Son gün kiliseye gitmeyip hayvanat bahçesine gidebilirdik, çünkü burada her şey çocuklara bedava yetişkinlere de makul fiyatlarda. Çocuklar için şahane bir yer. Ama aklıma gelmedi, belki de vücudum kaldırmayacaktı. Yattık uyuduk. 

7 Temmuz 2019 Pazar
Sabah kalktığımızda kahvaltı sonrası dönüş heyecanıyla otobüsümüze bindik. Yolculuk çok rahat geçmedi, uçak çok kalabalık çok gürültülü ve haylaz çocuk doluydu. O zaman Ece’nin bu haline şükrettim. Yanımda da iri bir yabancı oturmuş benim koltuğa taşıyordu… ama sayılı zaman geçiverdi ve anne-babam bizi alanda karşıladılar.
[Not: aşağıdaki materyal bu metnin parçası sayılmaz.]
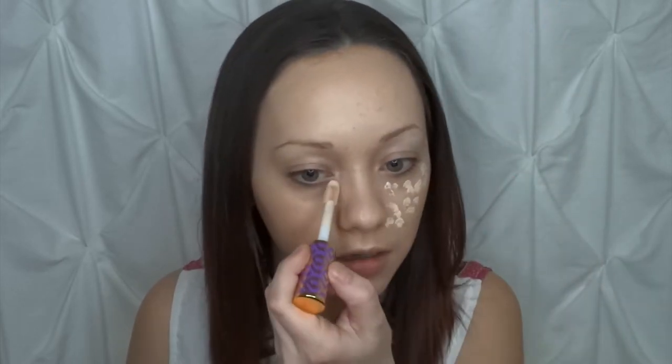I'm going to go ahead and put this under my eyes and in my T-zone — and this applicator is just beyond huge. We're just going to dab it on. Then I'm going to take my beauty sponge from Ulta. I opened up a new pack and these ones are a lot softer than the other ones I had.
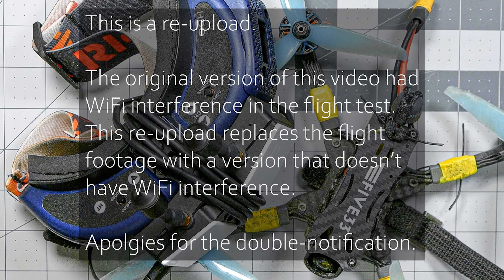This video is a re-upload. The original version had Wi-Fi interference in the flight test. This re-upload replaces the flight footage with the version that doesn't have Wi-Fi interference. Apologies for the double notification. You can find the flight footage in the table of contents in the timeline if you've already watched this video and just want to check the updated flight footage.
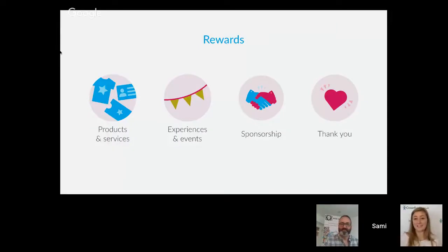Next is experiences and events — a reward category that sees extreme success across the board. This could be a ticket to the launch party, a ticket to one of your outdoor events, or a unique behind-the-scenes experience you wouldn't usually get to have. For example, if it's a restaurant, maybe supporters get a chance to go into the kitchen and do a workshop — a really exciting type of reward to offer.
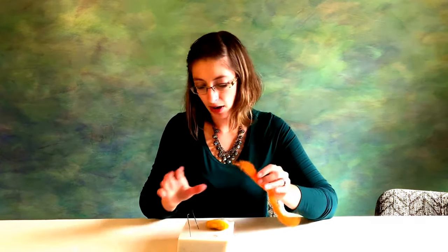Same process exactly: pin it in, anchor it, and then go ahead and wrap. We're going to wrap that nice and tight as well. If you have extra wool you can always just pull that off and use it for another project.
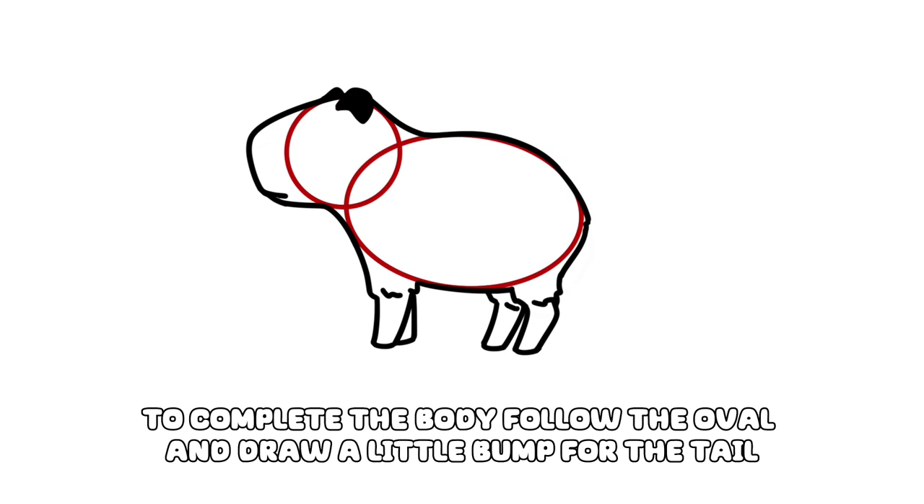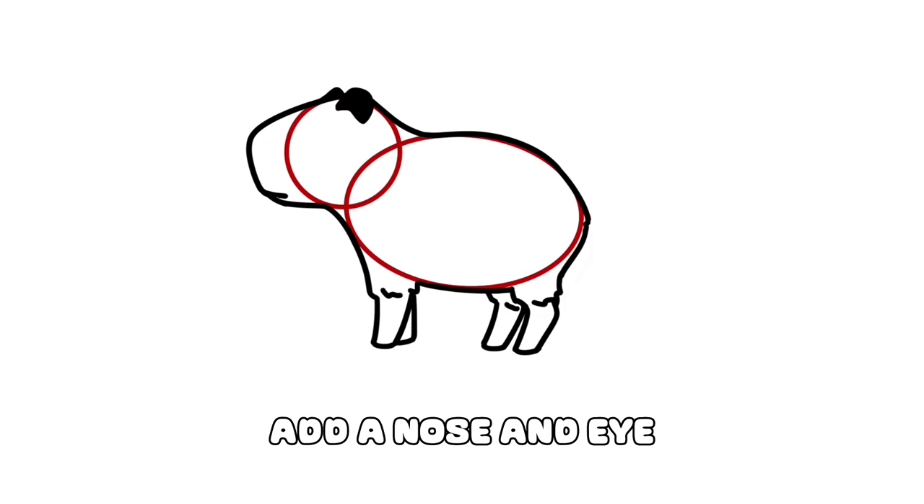To complete the body, follow the oval and draw a little bump for the tail. Add a nose and eye.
Annem gelince de çok sevindik ve Ece’yle iddiaya girdik… 10 dakika masaj artı film seçmecesine… annemle babam bizim eve çıkacak dedim, Ece de asla çıkmazlar dedi. Hem iddiayı hem de anne babamla valiz açma keyfini kaybettim. Ama Ece saf olduğu için akşam arkadaşıyla parka gidebilmek için iddia sonucunu tersine çevirdi ve o da kaybetmiş oldu… ama masajı da film seçimini de almadım.